画像c The New York Public Library, 2016
明治時代には、現在につながる多くのものが作られ、その中で重要なものの一つが学校という教育制度です。
今回は、明治時代に基礎が作られた日本の教育制度についてご説明していきます。
日本の近代教育の最初の法律「学制」
明治4年の廃藩置県直後から準備を始め、明治5年に発布された「学制」が日本の近代教育の始まりとなりました。
それまでは寺子屋や私塾が存在していて、基礎教育のための小学校の設立と普及は問題ないように思われましたが、実際には大きな壁がありました。

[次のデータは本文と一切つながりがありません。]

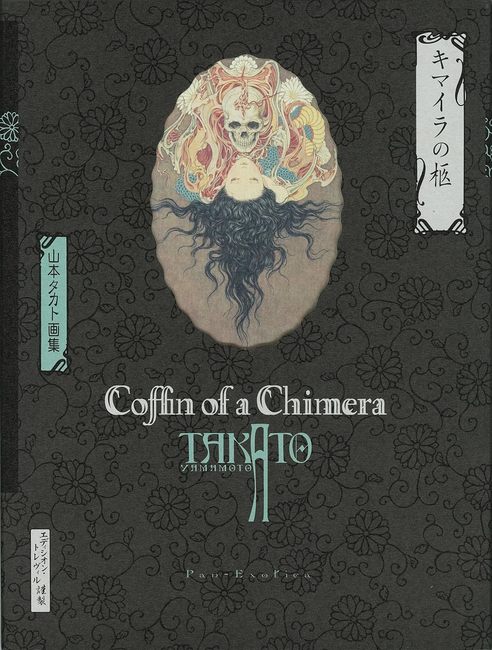 新装版 キマイラの柩 山本タカト画集（著者サイン本）（山本タカト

それは、一家で仕事を持っている家庭、特に農村部や商家などが、読み書きと計算だけで充分だと言って反発したことです。
当時は子供も働き手に含まれていて、政府が決めた学校というものに通わせることは必要性がないという考え方が一般的だったのです。
学校で勉強を教わるよりも、子供のうちから家業の現場で仕事を覚える方が将来の役に立つ、というスタンスだったと考えられます。
3回の改革を経てできた明治時代の教育制度
農村の人々のの反発などにより、明治政府は教育制度を見直していく必要がありました。
第一次教育令では、まず初期教育が必要として小学校の普及に注力し、「地域の実情に合った教育課程を各自治体の教員と委員が作る」ことなどが定められました。

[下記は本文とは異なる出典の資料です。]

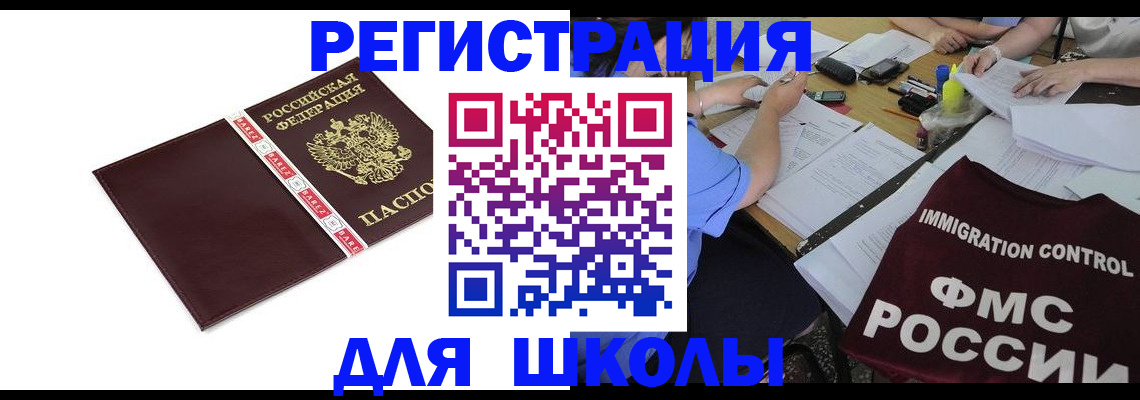 регистрация для школы в Белокурихе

また、小学校の児童の就学は、父母及び後見人の責任とされて、最低1年4カ月は学校に通わせなければならないとされました。
そして第二次教育令では、「小学科の3年課程を修了するまで毎年16週以上修学しなければならない」などが定められ、現在の道徳に当たる修身や儒教の教えも取り入れられました。

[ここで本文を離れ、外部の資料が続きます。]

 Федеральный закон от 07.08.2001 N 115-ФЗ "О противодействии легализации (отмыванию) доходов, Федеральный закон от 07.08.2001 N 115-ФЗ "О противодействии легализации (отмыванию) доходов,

そして第三次教育令が数年後に発令され、「小学教場」という、現在の小学校の簡易版が作られました。
それまでの小学校では授業料を払わなければなりませんでしたが、この改革によって授業料は徴収されないことになりました。
この経費は区町村費で賄われ、これによって安心して子供に教育を受けさせることができるようになったのです。
意外と遅かった女子教育
明治時代になると、欧米に留学して女子教育を目の当たりにした渋沢栄一や伊藤博文らによって、日本の女子教育の必要性も唱えられるようになりました。
彼らによって女子教育奨励会が設立され、小学校を卒業した14歳以上17歳以下の者を対象とした、現在の中等教育に近い女子師範学校を作りました。
明治時代に入るまでは、女子が勉学に励むことは概ね否定的であり、女子には教育は必要ないという考え方が一般的だったのです。
岩倉使節団の一人・津田梅子は女性の教育の普及に尽力し、後に津田塾大学となる「女子英学塾」を設立して、日本の女子教育に大きく貢献しました。
また、明治時代の教育というと「教育勅語」があげられますが、これは法律ではなく天皇を敬うというスローガンに近いもので、天皇が神格化されていた時代には法律以上に重視されていました。
一歩間違えれば洗脳にもなってしまう可能性がある教育、現在では「記憶力・暗記力」よりも「情報を取捨選択し、自分で考える能力」が教育の一番の課題となっています。